Home-Based Palliative Care Shows Promise In Reducing ER Visits, Hospitalizations

Patients who receive home-based palliative care (HBPC) services experience fewer emergency department visits, fewer hospitalizations and lower costs once they start receiving services.

That’s according to a recent study conducted by the West Health Research Institute of Blue Shield of California.

“Home-based palliative care is a powerful tool to improve the care of seriously ill members who struggle to have their health care needs met in the doctor’s office,” Jenelle Hallock, senior manager of growth and health solutions at Blue Shield of California, told Home Health Care News in an email. “The care is not only aimed at managing a member’s symptoms, but also provides emotional support and addresses social needs that can interfere with the ability of a member to access services. High-quality home-based palliative care shows promise in reducing hospital and emergency department utilization.”

Palliative care, generally, is specialized medical care focused on providing relief from the symptoms, pain and stress of a serious illness. Many home health agencies offer palliative care services, but they typically have been hard to manage financially.

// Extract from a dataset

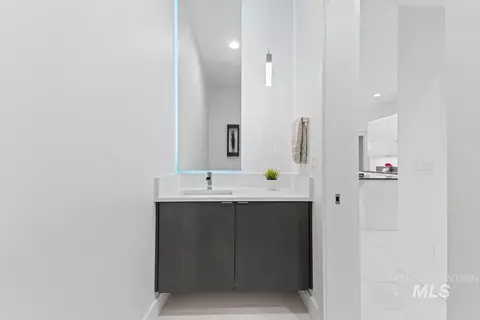 Bath - 1854 W Hampton Bay Dr, Eagle, ID 83616 photo 5 of 5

With the emergence of value-based care, that is beginning to change, however.

Amedisys Inc. (Nasdaq: AMED), AccentCare and Gentiva are just a few of the larger home health agencies offering palliative care in the home.

The objective of the study was to assess whether acute health care utilization and costs decreased after members were enrolled in the health plan’s HBPC program.

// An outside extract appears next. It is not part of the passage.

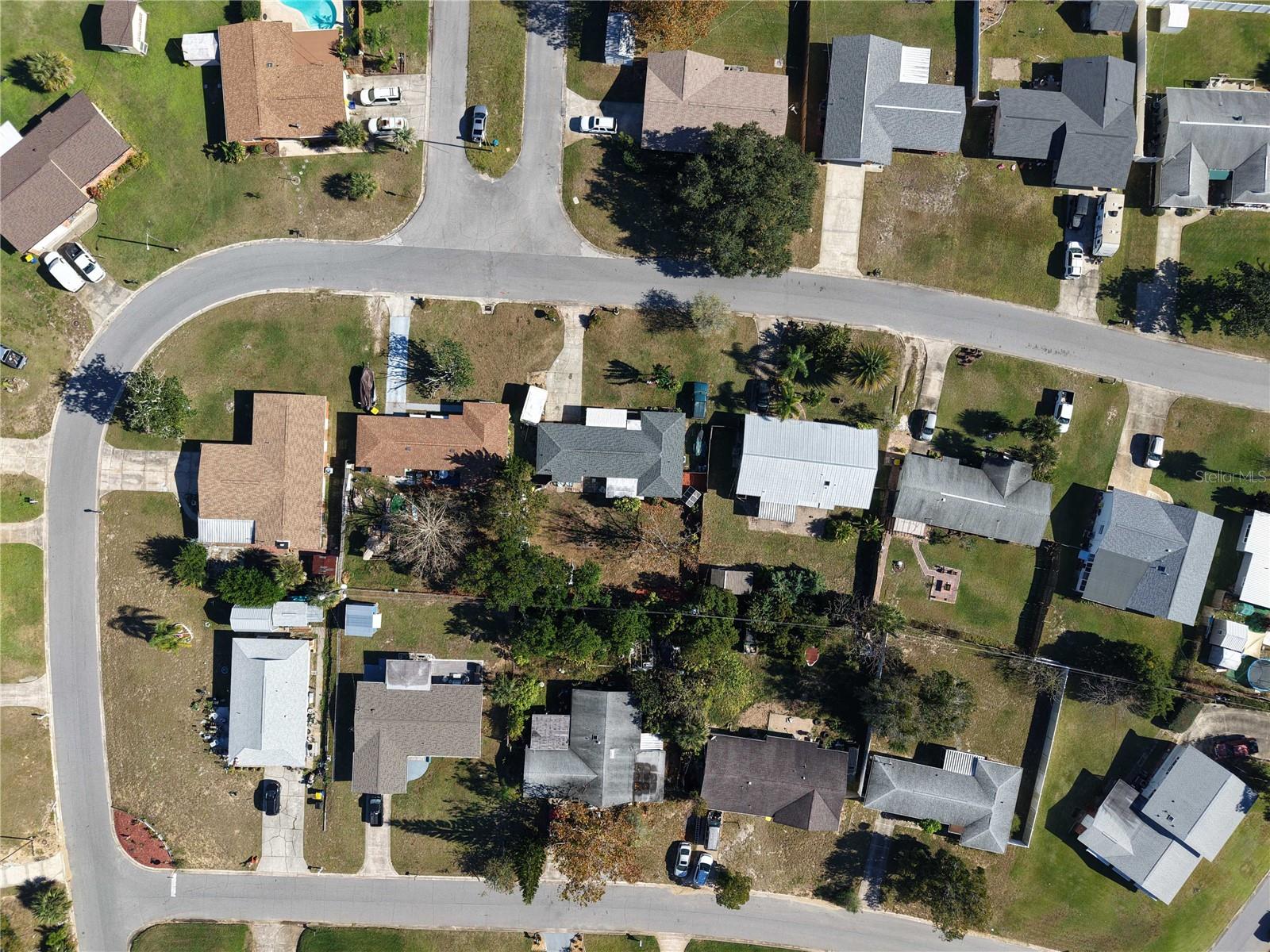 Image 33 of 36 For 116 Silver Circle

By using claims data for over 2,000 patients between 2017 and 2019, Hallock and her team were able to find that members enrolled in the HBPC program had fewer visits to the emergency department and fewer total hospitalizations during the study period compared to before the program started.

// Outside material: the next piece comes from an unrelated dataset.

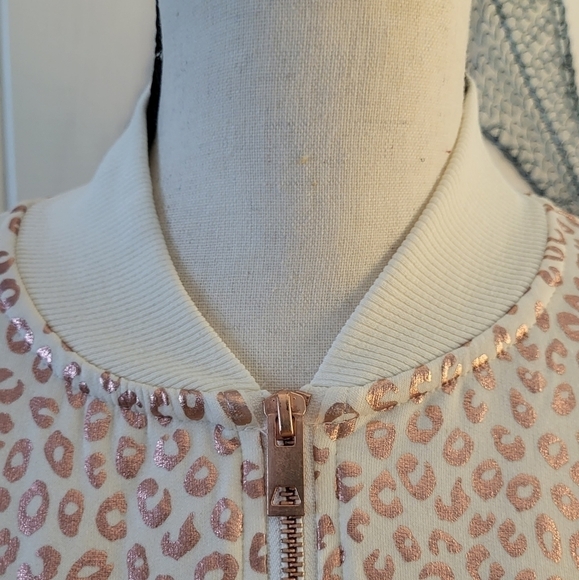 ZUDA Metallic Pink & Rose Gold Asymmetrical Lightweight Animal Print Jac… - Picture 3 of 14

Additionally, the cost of care per member, per month was lower during the study period compared to before the program began — $2,746 after the study and $3,996 before.

Beyond hospitalization rates and total cost of care, the difference in mortality between the two groups came close to reaching statistical significance. There was a slight trend that indicated patients lived a longer life in the HBPC group, but the difference was not statistically significant, Hallock said.

The study’s authors did point out some limitations of the research. For instance, the study did not measure health care utilization and costs during the last six months of life — a period when costs typically rise. This limits the study’s ability to analyze potential cost savings associated with palliative care.

“There is a trend toward greater utilization and cost reduction for members in home-based palliative care, but further research is needed to fine tune the intervention and determine if this trend will become statistically significant,” Kim Bower, medical director at Blue Shield of California, said in an email. “There are also some indications from the study that home-based palliative care may extend a member’s life, but this also requires more research to understand the true impact.”

If palliative care were found to extend life, Bower added, it would reinforce that this type of care is “not only patient centered, but also truly improves quality.”